Update: I did manage to get to 9.3-RELEASE, but it has not addressed the libarchive issue that appears to be preventing the switch to pkg(8), or the building of just about any port for that matter. I did locate libarchive.h and it is where it should be. I just finished extracting the src.txz tarball just in case rebuilding some of the base system is required.


----------



## SirDice (Nov 24, 2015)

If the system is this old it might be easier just to remove all packages and start fresh.


----------



## Maelstorm (Nov 24, 2015)

I ran into this issue myself.  One way to deal with this is to remove all the packages on the system and delete the package database.  Then delete /usr/ports by doing `rm -rf /usr/ports` and then recreate the ports tree by doing `mkdir /usr/ports` and then while inside the ports directory, run `svn checkout https://svn.freebsd.org/ports/head /usr/ports` to recreate the ports tree.

You can kickstart the package reinstallation by running `pkg install <pkgname>` where <pkgname> is the name of the package excluding the package version number.  For example, if you want to install bash-4.3.42, you would run `pkg install bash` and it will install.

I have a related thread here, that has a little more info.  Once you recreate the ports system using subversion, it creates metadata to keep track of everything.


----------



## SirDice (Nov 24, 2015)

Maelstorm said:


> Once you recreate the ports system using subversion, it creates metadata to keep track of everything.


The ports tree isn't necessary, pkg(8) keeps track of things using /var/db/pkg/local.sqlite (installed packages) and /var/db/pkg/repo-FreeBSD.sqlite (version cache of remote FreeBSD package repository).

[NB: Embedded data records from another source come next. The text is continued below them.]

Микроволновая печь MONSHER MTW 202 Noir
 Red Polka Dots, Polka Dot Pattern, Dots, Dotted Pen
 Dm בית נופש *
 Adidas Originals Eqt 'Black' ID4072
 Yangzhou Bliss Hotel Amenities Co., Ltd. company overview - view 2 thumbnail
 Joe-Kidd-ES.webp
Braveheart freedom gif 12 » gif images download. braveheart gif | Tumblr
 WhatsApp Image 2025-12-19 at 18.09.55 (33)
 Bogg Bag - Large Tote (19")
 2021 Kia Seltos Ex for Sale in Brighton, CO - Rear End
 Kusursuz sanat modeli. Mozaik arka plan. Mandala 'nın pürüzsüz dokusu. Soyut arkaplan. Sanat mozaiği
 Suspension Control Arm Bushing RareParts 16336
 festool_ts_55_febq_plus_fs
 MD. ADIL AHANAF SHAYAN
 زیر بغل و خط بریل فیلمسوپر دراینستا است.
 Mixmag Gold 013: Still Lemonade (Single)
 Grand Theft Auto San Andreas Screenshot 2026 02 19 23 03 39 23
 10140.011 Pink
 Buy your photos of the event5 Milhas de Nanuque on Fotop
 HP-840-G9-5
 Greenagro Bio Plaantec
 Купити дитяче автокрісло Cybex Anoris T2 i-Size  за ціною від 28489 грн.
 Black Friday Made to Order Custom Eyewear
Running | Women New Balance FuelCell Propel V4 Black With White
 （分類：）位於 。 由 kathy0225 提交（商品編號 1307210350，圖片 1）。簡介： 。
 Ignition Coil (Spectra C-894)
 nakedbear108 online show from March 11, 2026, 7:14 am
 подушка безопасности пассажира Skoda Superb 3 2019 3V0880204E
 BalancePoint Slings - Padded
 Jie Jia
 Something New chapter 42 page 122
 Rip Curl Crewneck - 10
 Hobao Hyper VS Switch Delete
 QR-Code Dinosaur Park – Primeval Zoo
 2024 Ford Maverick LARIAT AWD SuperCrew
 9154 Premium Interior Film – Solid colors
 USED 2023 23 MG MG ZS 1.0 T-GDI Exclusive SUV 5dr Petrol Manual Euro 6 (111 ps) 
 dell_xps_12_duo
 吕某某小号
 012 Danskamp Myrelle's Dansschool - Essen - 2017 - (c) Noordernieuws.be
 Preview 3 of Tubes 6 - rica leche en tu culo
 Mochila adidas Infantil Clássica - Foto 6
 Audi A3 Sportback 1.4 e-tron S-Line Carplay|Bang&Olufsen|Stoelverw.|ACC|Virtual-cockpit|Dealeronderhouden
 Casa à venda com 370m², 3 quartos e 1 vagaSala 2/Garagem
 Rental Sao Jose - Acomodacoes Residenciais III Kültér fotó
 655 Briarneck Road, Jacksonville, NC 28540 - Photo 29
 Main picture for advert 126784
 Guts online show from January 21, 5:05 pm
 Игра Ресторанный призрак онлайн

If you only use packages there's no need to have a ports tree around. It's helpful but not strictly necessary.


----------



## chavez243ca (Nov 24, 2015)

Mostly I stick to ports, only using pkg(8) when something is buggered up with ports. I'll check out that other thread to see if I can go that route.


----------



## Maelstorm (Nov 25, 2015)

SirDice said:


> The ports tree isn't necessary, pkg(8) keeps track of things using /var/db/pkg/local.sqlite (installed packages) and /var/db/pkg/repo-FreeBSD.sqlite (version cache of remote FreeBSD package repository).
> 
> If you only use packages there's no need to have a ports tree around. It's helpful but not strictly necessary.



True, but with packages, you have to know the name of the software that you are installing.  However, having the ports tree is nice because then you can run the following commands in /usr/ports:

`make fetchindex` - Grabs the latest index from the repository
`make readmes` - Builds a tree of browseable html readme files starting in /usr/ports.
`make search name=<name>` - Allows a search by name for software.
`make search key=<keyword>` - Allows a keyword search for software.

For more information see the ports(7) man page.


----------



## wblock@ (Nov 25, 2015)

It is not necessary to create /usr/ports before a new checkout, svn(1) will create the target directory if it does not exist.


----------



## chavez243ca (Nov 25, 2015)

I might move this whole conversation over to the ports board - I've got the OS up to 9.3, but I cannot add or update any ports, nor convert to pkgng. Also cannot do the svn(1) try because svn(1) does not exist and I cannot build it from ports. `# portsnap fetch update` did work, but that is about it.


----------



## SirDice (Nov 26, 2015)

See my post #3. Make a note of what's installed now and just remove it all. Then start building.


----------



## Maelstorm (Nov 29, 2015)

If subversion isn't installed, then install the pre-compiled binary.  Using `pkg install svn` I think will work for that.  It's so common and critical, it's on the build list anyways.


----------